> **Image-text web data**:
*** Begin section ***

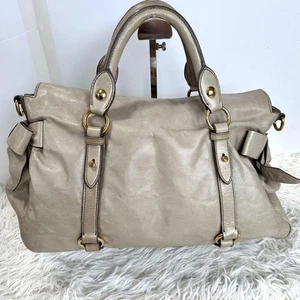Miu Miu Vitello Lux 2Way Shoulder Handbag Leather Beige Ribbon Bow Authentic Y2K - Picture 1 of 20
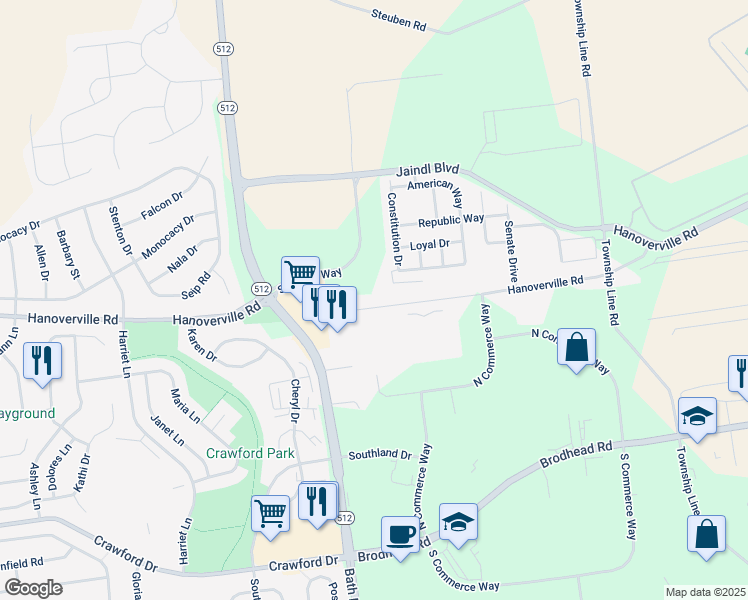 map of restaurants, bars, coffee shops, grocery stores, and more near 5360 Hanoverville Road in Bethlehem
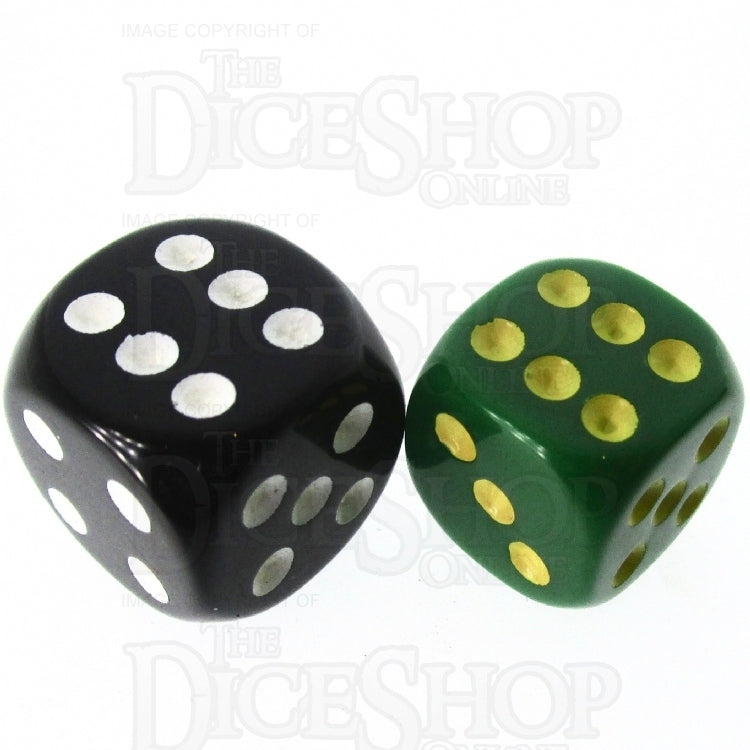 HALF PRICE CLEARANCE Role 4 Initiative Opaque Green & Gold 14mm D6 Spot Dice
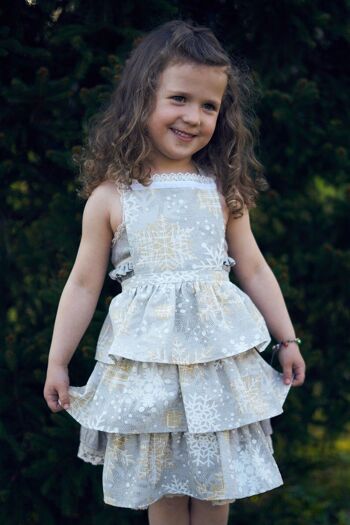 Tablier pour enfants à motif d'hiver avec imprimé flocon de neige, mélange Coton-Poly | ThéLurex Oro 5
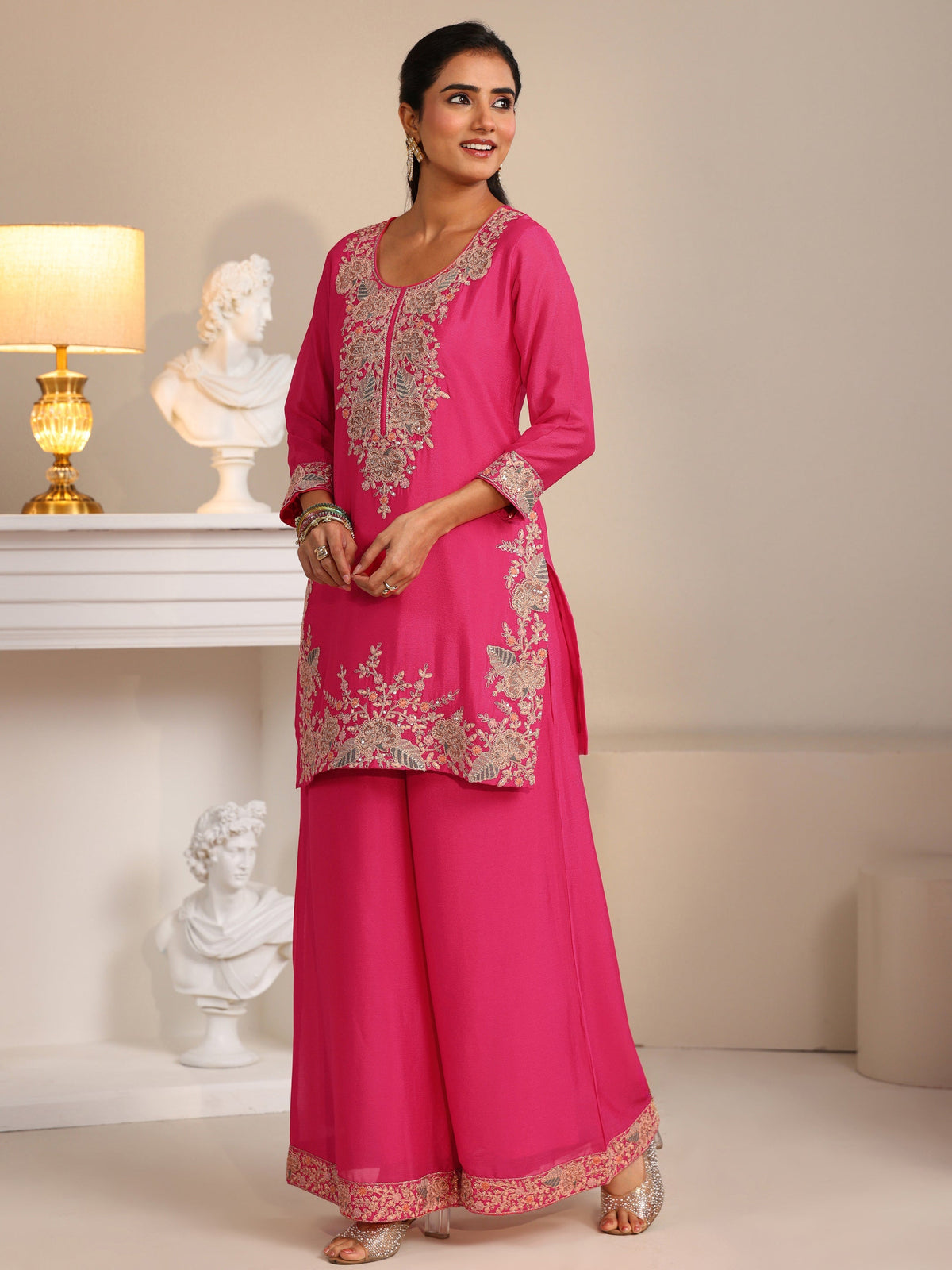 Anouk Fuchsia Pink Floral Embroidered Chinon Straight Suit Set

*** End section ***

> **GOAL OF THE EXERCISE**: Please print out the entries above exactly. The pictures stay out.

> **RESPONSE AREA**:
Miu Miu Vitello Lux 2Way Shoulder Handbag Leather Beige Ribbon Bow Authentic Y2K - Picture 1 of 20
 map of restaurants, bars, coffee shops, grocery stores, and more near 5360 Hanoverville Road in Bethlehem
 HALF PRICE CLEARANCE Role 4 Initiative Opaque Green & Gold 14mm D6 Spot Dice
 Tablier pour enfants à motif d'hiver avec imprimé flocon de neige, mélange Coton-Poly | ThéLurex Oro 5
 Anouk Fuchsia Pink Floral Embroidered Chinon Straight Suit Set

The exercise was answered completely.